It will be the hint of something which…the public, the ignorant, romantic public, would never understand: something which even the outsiders in your own profession are apt to make a fuss about: but something, says your new friend, which “we”—and at the word “we” you try not to blush for mere pleasure—something “we always do”. …And you will be drawn in, if you are drawn in, not by desire for gain or ease, but simply because at that moment, when the cup was so near your lips, you cannot bear to be thrust back again into the cold outer world. It would be so terrible to see the other man’s face—that genial, confidential, delightfully sophisticated face—turn suddenly cold and contemptuous, to know that you had been tried for the Inner Ring and rejected.
…Of all passions the passion for the Inner Ring is most skillful in making a man who is not yet a very bad man do very bad things.

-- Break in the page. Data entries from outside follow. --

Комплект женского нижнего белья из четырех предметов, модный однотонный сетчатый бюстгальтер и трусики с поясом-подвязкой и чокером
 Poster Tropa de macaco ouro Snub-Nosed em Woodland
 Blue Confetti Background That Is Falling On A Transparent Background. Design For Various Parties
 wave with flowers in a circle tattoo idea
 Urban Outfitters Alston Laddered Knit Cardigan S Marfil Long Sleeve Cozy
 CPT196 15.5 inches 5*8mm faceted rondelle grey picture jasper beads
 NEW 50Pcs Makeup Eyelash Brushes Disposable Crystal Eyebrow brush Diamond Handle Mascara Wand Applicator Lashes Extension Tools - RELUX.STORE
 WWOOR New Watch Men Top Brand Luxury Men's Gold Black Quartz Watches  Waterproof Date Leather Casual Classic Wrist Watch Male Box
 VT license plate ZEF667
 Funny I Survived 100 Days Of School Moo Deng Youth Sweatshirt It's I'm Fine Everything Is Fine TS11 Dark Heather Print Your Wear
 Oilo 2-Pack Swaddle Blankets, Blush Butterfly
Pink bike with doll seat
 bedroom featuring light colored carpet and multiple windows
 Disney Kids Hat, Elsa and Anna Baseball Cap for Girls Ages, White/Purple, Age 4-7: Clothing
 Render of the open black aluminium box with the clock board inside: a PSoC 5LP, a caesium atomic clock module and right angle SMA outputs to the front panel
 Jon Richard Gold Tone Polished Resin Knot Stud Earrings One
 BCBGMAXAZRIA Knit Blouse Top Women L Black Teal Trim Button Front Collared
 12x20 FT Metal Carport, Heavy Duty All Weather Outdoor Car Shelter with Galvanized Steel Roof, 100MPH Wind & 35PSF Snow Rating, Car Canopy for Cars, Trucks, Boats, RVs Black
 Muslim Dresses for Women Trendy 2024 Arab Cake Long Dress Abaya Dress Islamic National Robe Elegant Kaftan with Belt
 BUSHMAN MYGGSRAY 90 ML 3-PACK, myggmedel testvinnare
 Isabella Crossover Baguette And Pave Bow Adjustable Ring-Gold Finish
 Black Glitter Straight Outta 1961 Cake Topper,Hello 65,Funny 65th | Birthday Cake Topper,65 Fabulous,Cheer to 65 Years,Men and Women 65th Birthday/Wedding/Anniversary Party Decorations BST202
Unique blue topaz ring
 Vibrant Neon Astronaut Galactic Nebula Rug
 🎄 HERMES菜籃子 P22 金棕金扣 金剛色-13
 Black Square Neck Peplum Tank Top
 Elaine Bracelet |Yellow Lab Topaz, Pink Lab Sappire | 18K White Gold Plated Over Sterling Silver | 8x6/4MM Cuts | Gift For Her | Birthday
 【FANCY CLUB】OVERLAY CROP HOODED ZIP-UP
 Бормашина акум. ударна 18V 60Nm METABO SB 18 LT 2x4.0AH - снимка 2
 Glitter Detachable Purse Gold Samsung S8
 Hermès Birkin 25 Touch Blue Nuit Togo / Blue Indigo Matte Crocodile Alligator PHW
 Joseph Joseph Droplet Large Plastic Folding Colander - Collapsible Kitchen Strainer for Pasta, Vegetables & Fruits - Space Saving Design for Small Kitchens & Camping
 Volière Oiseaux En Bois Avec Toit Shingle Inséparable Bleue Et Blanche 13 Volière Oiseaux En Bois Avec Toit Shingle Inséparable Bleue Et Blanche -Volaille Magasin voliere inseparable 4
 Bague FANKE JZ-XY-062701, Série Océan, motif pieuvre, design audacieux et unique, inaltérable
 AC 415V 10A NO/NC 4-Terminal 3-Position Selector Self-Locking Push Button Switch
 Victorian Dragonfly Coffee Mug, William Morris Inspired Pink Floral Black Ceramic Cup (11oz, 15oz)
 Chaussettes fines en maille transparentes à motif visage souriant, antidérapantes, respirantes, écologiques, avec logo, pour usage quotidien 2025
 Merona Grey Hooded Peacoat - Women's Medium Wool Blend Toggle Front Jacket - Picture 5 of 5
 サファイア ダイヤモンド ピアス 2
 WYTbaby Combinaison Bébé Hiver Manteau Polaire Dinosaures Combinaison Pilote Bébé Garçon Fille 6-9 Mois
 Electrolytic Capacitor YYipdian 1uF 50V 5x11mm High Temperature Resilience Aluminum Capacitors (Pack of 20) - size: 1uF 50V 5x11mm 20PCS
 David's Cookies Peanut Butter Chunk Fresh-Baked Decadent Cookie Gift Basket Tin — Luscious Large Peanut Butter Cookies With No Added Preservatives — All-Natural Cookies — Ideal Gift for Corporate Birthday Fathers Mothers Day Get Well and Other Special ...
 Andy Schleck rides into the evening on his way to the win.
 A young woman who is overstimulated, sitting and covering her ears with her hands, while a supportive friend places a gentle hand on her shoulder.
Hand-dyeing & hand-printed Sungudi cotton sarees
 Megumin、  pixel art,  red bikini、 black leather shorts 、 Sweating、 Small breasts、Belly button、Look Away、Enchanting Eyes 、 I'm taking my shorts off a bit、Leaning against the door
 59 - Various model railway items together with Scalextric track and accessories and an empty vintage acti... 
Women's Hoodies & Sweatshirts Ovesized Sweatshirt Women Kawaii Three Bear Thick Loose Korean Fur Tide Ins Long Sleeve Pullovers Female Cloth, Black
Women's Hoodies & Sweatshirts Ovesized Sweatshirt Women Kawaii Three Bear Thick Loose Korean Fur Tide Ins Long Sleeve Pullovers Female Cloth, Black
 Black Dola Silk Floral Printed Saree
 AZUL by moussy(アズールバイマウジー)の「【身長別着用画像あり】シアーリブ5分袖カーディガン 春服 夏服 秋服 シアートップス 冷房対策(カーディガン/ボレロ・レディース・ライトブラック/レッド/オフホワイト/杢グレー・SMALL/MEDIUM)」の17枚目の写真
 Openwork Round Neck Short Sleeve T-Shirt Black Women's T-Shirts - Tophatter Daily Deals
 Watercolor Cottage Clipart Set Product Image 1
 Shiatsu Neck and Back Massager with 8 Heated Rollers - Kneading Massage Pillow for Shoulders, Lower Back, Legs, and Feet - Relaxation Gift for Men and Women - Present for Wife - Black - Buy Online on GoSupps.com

…Once the first novelty is worn off, the members of this circle will be no more interesting than your old friends. Why should they be? You were not looking for virtue or kindness or loyalty or humour or learning or wit or any of the things that can be really enjoyed. You merely wanted to be “in”. And that is a pleasure that cannot last.
The momentary satisfaction of being part of the in crowd, or the clique is never worth the compromise. It only leads to a loss of integrity and to an endless search for acceptance.
“By faith Moses, when he had grown up, refused to be known as the son of Pharaoh’s daughter. He chose to be mistreated along with the people of God rather than to enjoy the fleeting pleasures of sin. He regarded disgrace for the sake of Christ as of greater value than the treasures of Egypt, because he was looking ahead to his reward.”
HEBREWS 11:24-26 (NIV)
1 C. S. Lewis, The Weight of Glory, “The Inner Ring.” Eerdmans: Grand Rapids, 1965, pp. 61-64.